Кончить ему не удалось. Услышав слово «человек», гуси попятились назад и, вытянув шеи, злобно зашипели, загоготали, захлопали крыльями.



– Человеку не место среди диких гусей, – сказала старая гусыня. – Люди были, есть и будут нашими врагами. Ты должен немедленно покинуть стаю.

Мартин не выдержал и вмешался:

– Но ведь его даже человеком нельзя назвать! Смотрите, какой он маленький! Я ручаюсь, что он не сделает вам никакого зла. Позвольте ему остаться хотя бы на одну ночь.



Акка испытующе посмотрела на Нильса, потом на Мартина и наконец сказала:

– Наши деды, прадеды и прапрадеды завещали нам никогда не доверяться человеку, будь он маленький или большой. Но если ты ручаешься за него, то так и быть – сегодня пусть он останется с нами. Мы ночуем на большой льдине посреди озера. А завтра утром он должен покинуть нас.
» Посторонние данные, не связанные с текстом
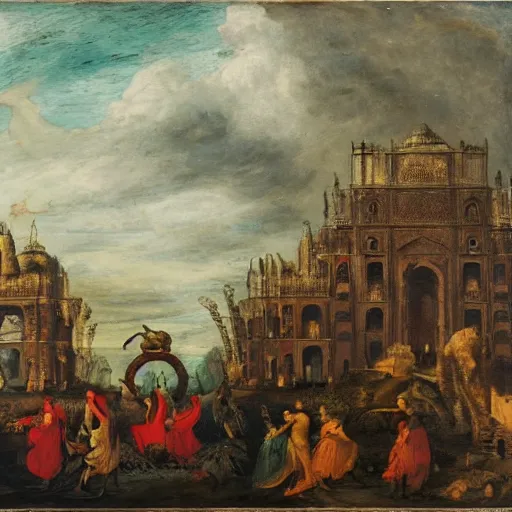 Image similar to In the center of the painting is a large gateway that seems to lead into abyss of darkness. On either side of the gateway are two figures, one a demon-like creature, the other a skeletal figure. in India by David B. Mattingly, by Frans Francken the Younger funereal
С этими словами она поднялась в воздух, а за нею полетела вся стая.

– Послушай, Мартин, – робко спросил Нильс, – ты что же, полетишь с ними?

– Ну, конечно, полечу! – с гордостью сказал Мартин. – Не каждый день домашнему гусю выпадает такая честь – лететь в стае Акки Кнебекайзе!

– А как же я? – опять спросил Нильс. – Мне ни за что одному не добраться домой. Я теперь и в траве заблужусь, не то что в этом лесу.

– Домой тебя отвозить мне некогда, сам понимаешь, – сказал Мартин. – Но вот что я могу тебе предложить: летим-ка вместе в Лапландию. Посмотрим, как там и что, а потом вместе и домой вернёмся. Акку я уж как-нибудь уговорю, а не уговорю – так обману. Ты теперь маленький, спрятать тебя нетрудно. Ну, а сейчас за дело! Собери-ка поскорее сухой травы. Да побольше!

Когда Нильс набрал целую охапку прошлогодней травы, Мартин осторожно подхватил его за ворот рубашки и перенёс на большую льдину посредине озера.

Дикие гуси уже спали, подвернув головы под крылья.

– Теперь разложи траву, – скомандовал Мартин, – а то без подстилки у меня, чего доброго, лапы ко льду примёрзнут.

Подстилка хоть и получилась жидковатая (много ли теперь Нильс мог травы унести!), но всё-таки лёд кое-как прикрывала.

Мартин стал на неё, снова схватил Нильса за шиворот и сунул к себе под крыло.

– Спокойной ночи! – сказал Мартин и покрепче прижал крыло, чтобы Нильс не вывалился.